Mais il y a le cdH. "Cela fait dix jours que Paul veut atterrir envers et contre tout", grince un centriste wallon de (tout) premier plan mais n’occupant pas un poste ministériel pour autant. Suivez mon regard.

Benoît Lutgen, lui, c’est son combat, le Ceta. Plusieurs semaines qu’il a pris le dossier à bras-le-corps, alors il ne va pas lâcher la poule aux œufs d’or, celle qui redore le blason centriste de la résistance, en si bon chemin. Le voilà donc, ce mercredi soir, rue des Deux Églises au siège de son parti, assis et faisant face à ses mandataires. À ses côtés, le ministre Maxime Prévot. Lutgen n’est pas spécialement pour l’accord, il brosse un contexte général assez noir, et laisse la parole à son ministre. Prévot – "héroïquement", note un participant – décrit les avancées obtenues et le gibier que les centristes ramènent de la négociation dans leur besace. Et c’est la curée.

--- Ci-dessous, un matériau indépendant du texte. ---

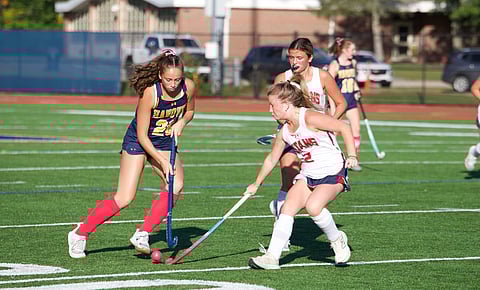 High school girls playing field hockey in Hanover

Plusieurs parlementaires soupirent – au premier rang desquels des "Lutgen boys". Il y a là entre autres Dimitri Fourny. "Qu’on débranche la prise de ce truc!" siffle-t-il. François Desquesne, un autre député wallon, embraye: "Pour l’agriculture, c’est quand même pas terrible ce qu’on a obtenu." Jusqu’à André Antoine. "Bof", soupire le président du Parlement wallon. Même René Collin y va de son refrain: "Ce qui ne va pas, c’est qu’on ne touche pas au Traité." Notez encore: l’absence de l’ex-présidente Joëlle Milquet. Bref, l’affaire, à la rue des Deux Églises, est mal emmanchée. Ou plutôt: emmanchée vers le "non".

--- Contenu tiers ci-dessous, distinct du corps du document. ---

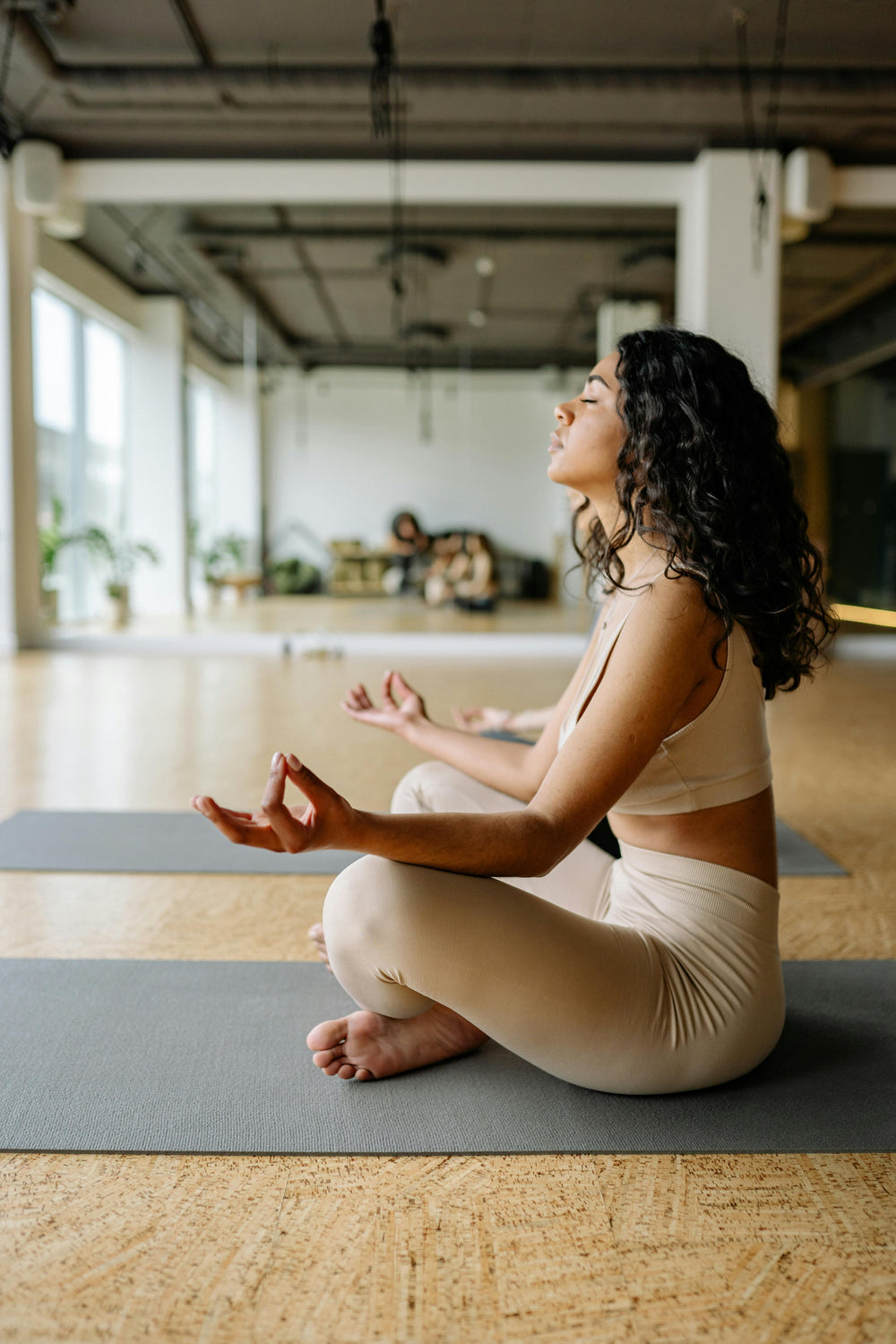 Woman meditating in stylish, comfortable activewear in yoga studio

À quelques quartiers de là, au boulevard de l’Empereur, le siège du Parti socialiste, la trame de la pièce est la même. Le président Di Rupo trouve qu’il est trop tôt pour atterrir. Mais Magnette prône le oui. Il est important que les deux partis s’alignent – imaginez le PS à la remorque du cdH sur ce dossier sensible à gauche, ça ferait tache. "On allait quand même pas se fâcher pour le Canada", ricane un député socialiste. Benoît Lutgen et Elio Di Rupo décrochent leur téléphone et la ligne chauffe entre les deux partis. Et on accorde les violons.

Eurêka! On va temporiser et gagner encore un peu de temps. Alors, on demande "des garanties juridiques". C’est pratique, ça permet de se libérer de la pression durant quelques heures. "On doit être certain que tout ce qu’on a obtenu tienne bien la route juridiquement", expose Benoît Lutgen en guise de conclusion devant son bureau politique.

Retour au Lambermont pour un comité de concertation. L’ambiance est lourde. Surtout quand les libéraux Michel et Reynders apprennent que Benoît Lutgen doit s’exprimer dès le lendemain matin à la radio.

"On va quand même éviter de jouer avec les pieds de tout le monde", se fâche Charles Michel, après avoir fait sortir tous les collaborateurs de la salle de réunion. Didier Reynders embraye: "Un peu de correction n’a jamais tué personne." À l’arrachée, le cdH Maxime Prévot consent à une réunion le jeudi matin. Rideau sur une longue journée. Et les avocats du cdH planchent, et Maxime Prévot revient avec quelques amendements, pour la forme, le jeudi en séance. Et c’est le feu vert définitif. Chacun doit vendre sa version. Et commence la bataille de "celui qui fera pipi le plus loin", selon les mots, lucides, d’une excellence ministérielle.